Stored records:
'''
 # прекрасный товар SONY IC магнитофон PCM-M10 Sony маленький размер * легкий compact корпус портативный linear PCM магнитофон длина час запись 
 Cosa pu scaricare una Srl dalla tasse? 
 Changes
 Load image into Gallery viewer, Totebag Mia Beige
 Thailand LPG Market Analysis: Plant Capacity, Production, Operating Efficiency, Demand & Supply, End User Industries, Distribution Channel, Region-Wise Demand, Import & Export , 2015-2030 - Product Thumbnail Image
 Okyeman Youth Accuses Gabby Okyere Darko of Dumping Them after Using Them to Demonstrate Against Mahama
'''
'''
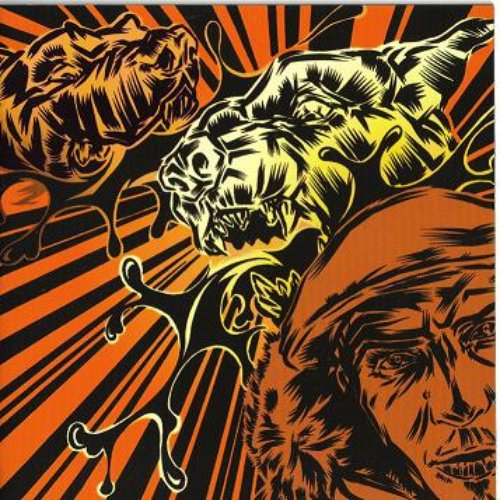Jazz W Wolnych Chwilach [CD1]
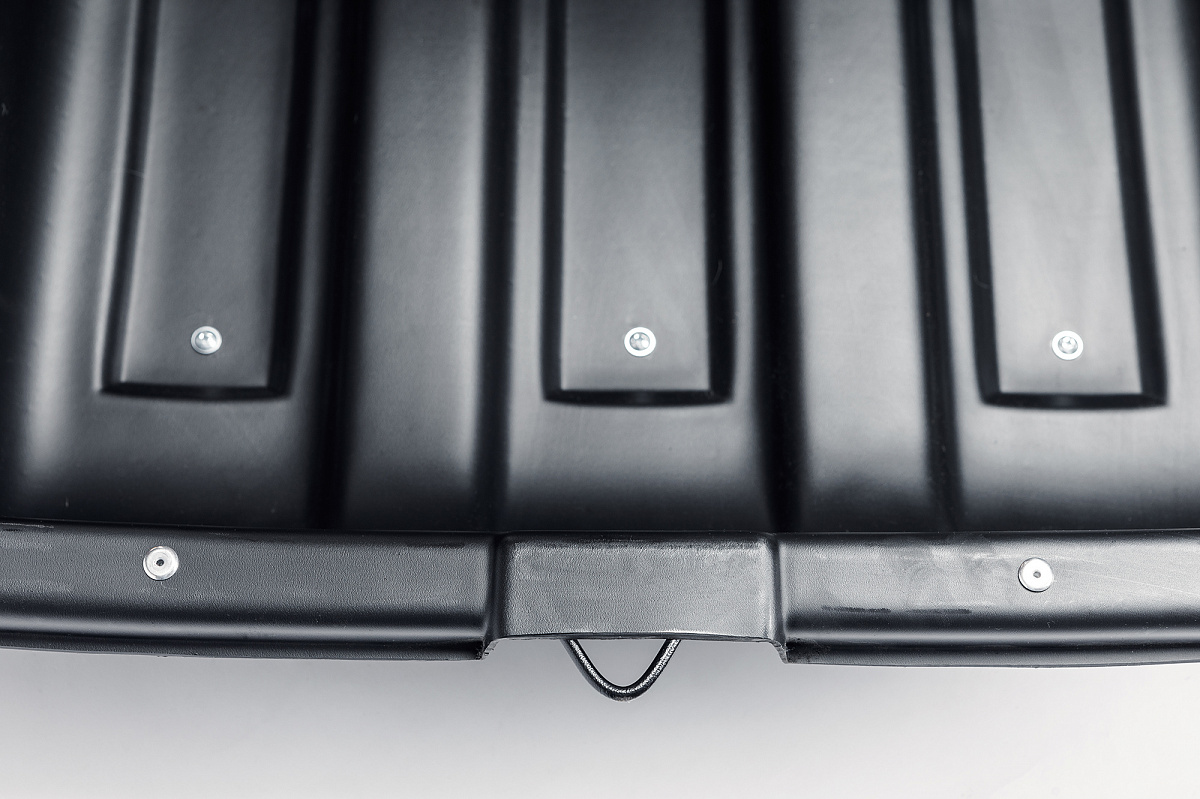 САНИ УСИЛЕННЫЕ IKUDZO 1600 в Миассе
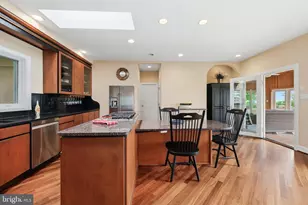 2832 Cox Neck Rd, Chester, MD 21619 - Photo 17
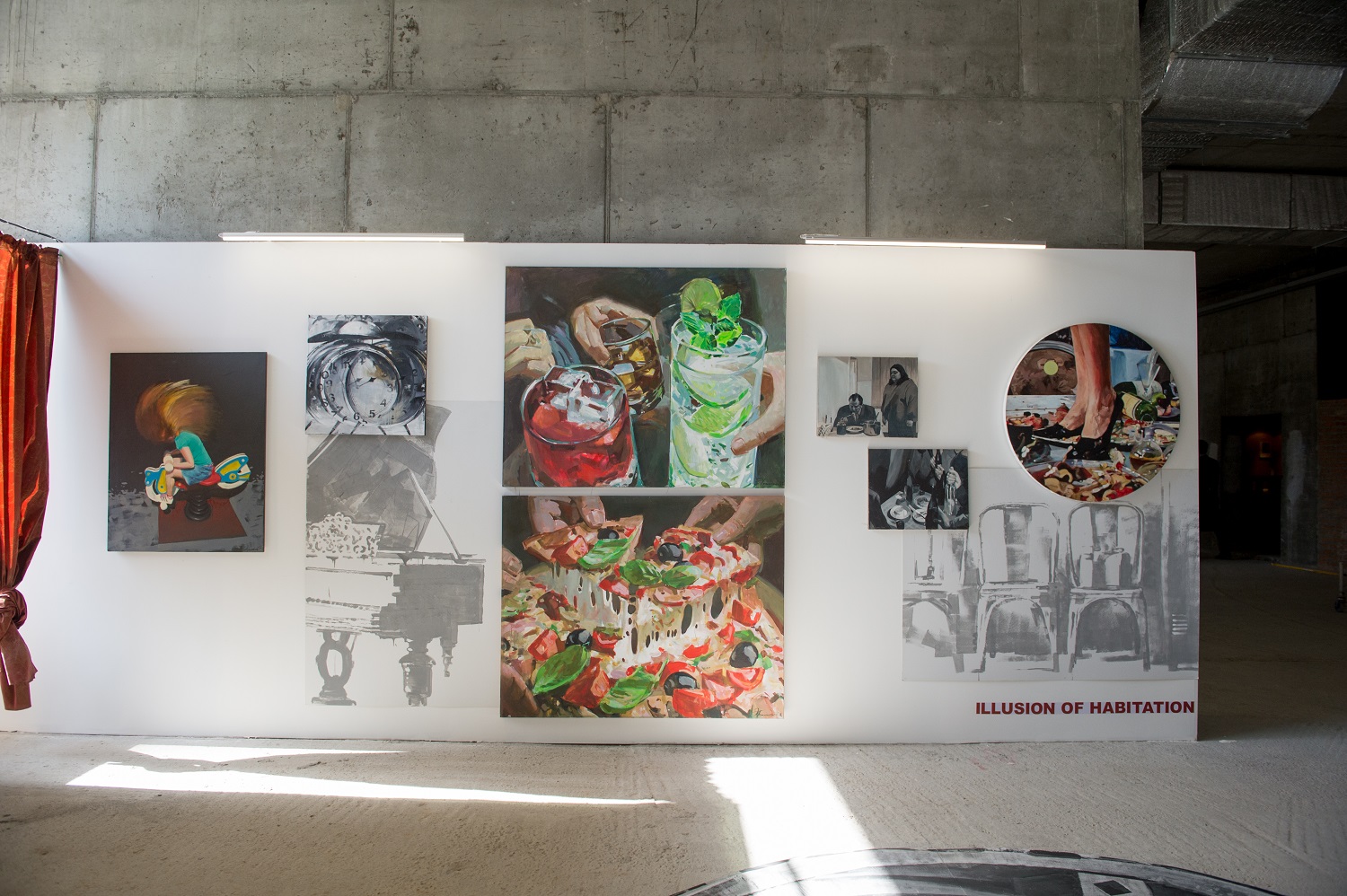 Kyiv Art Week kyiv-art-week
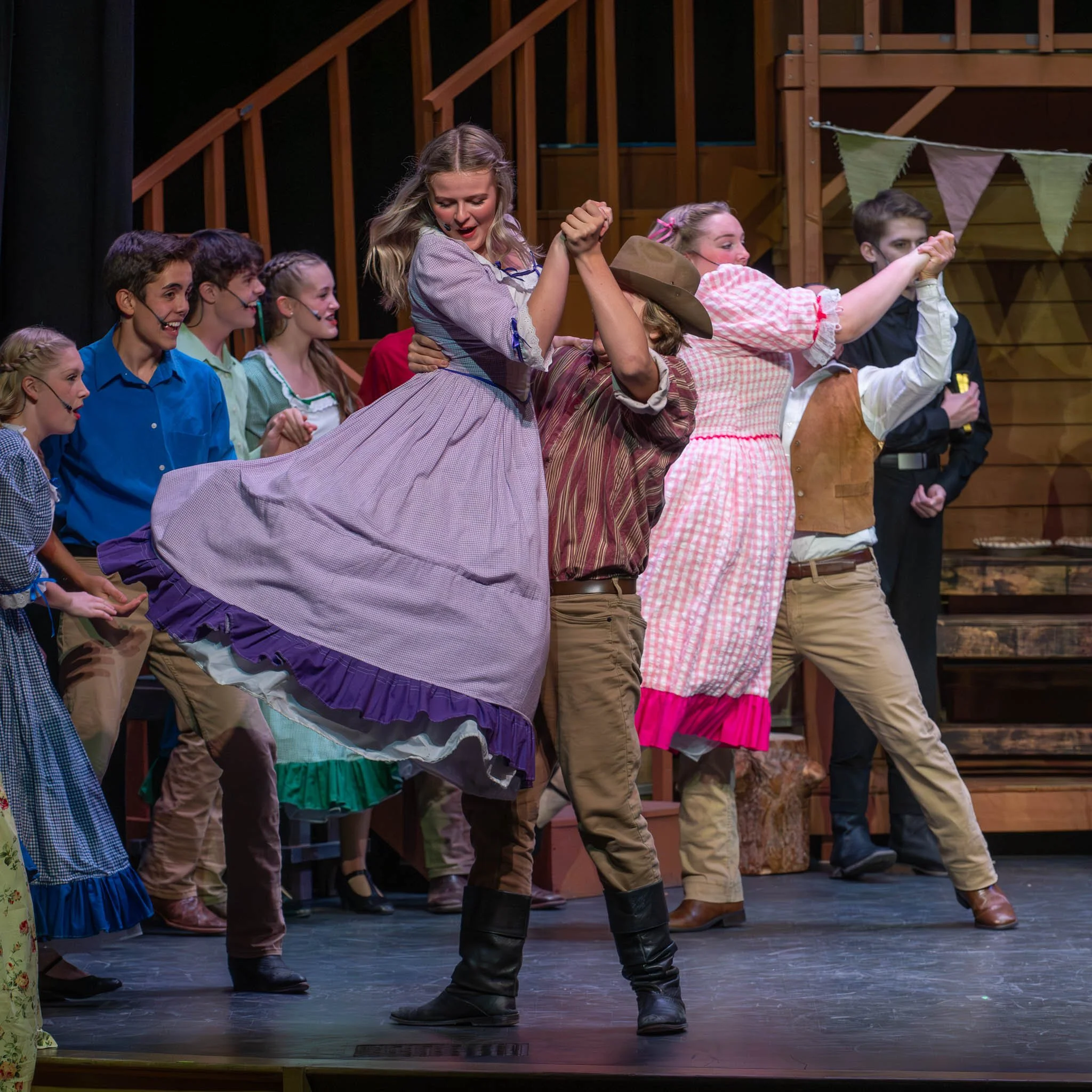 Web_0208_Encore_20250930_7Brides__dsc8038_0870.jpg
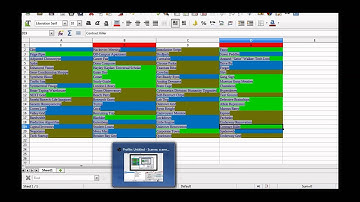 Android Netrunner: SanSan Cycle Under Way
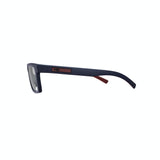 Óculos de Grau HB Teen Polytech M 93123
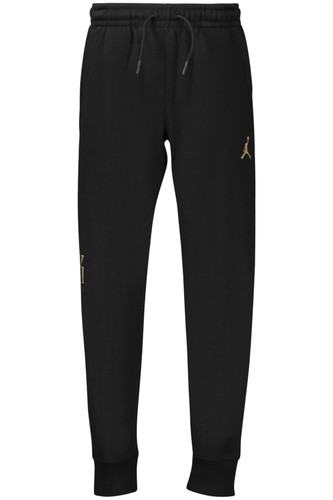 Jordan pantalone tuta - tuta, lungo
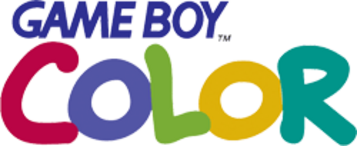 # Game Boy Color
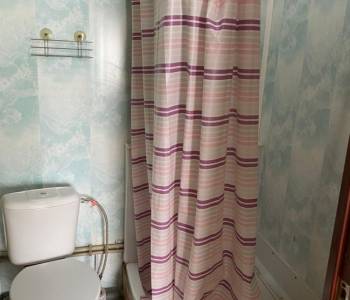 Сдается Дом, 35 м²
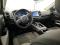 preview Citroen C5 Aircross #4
'''
'''
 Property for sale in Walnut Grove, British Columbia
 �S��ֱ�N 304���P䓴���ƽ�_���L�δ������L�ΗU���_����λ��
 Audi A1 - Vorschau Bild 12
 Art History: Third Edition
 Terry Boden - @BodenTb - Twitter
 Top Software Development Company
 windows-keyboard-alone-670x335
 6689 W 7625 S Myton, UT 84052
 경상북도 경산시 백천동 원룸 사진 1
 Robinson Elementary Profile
'''
* **WHAT NEEDS TO BE DONE**
Your reply should consist solely of the lines above from the line containing "Web_0208_Encore_20250930_7Brides__dsc8038_0870.jpg" up to and including the line containing "preview Citroen C5 Aircross #4", reproduced exactly, minus the pictures.

* **WRITTEN ANSWER**
 Web_0208_Encore_20250930_7Brides__dsc8038_0870.jpg
 Android Netrunner: SanSan Cycle Under Way
 Óculos de Grau HB Teen Polytech M 93123
 Jordan pantalone tuta - tuta, lungo
 # Game Boy Color
 Сдается Дом, 35 м²
 preview Citroen C5 Aircross #4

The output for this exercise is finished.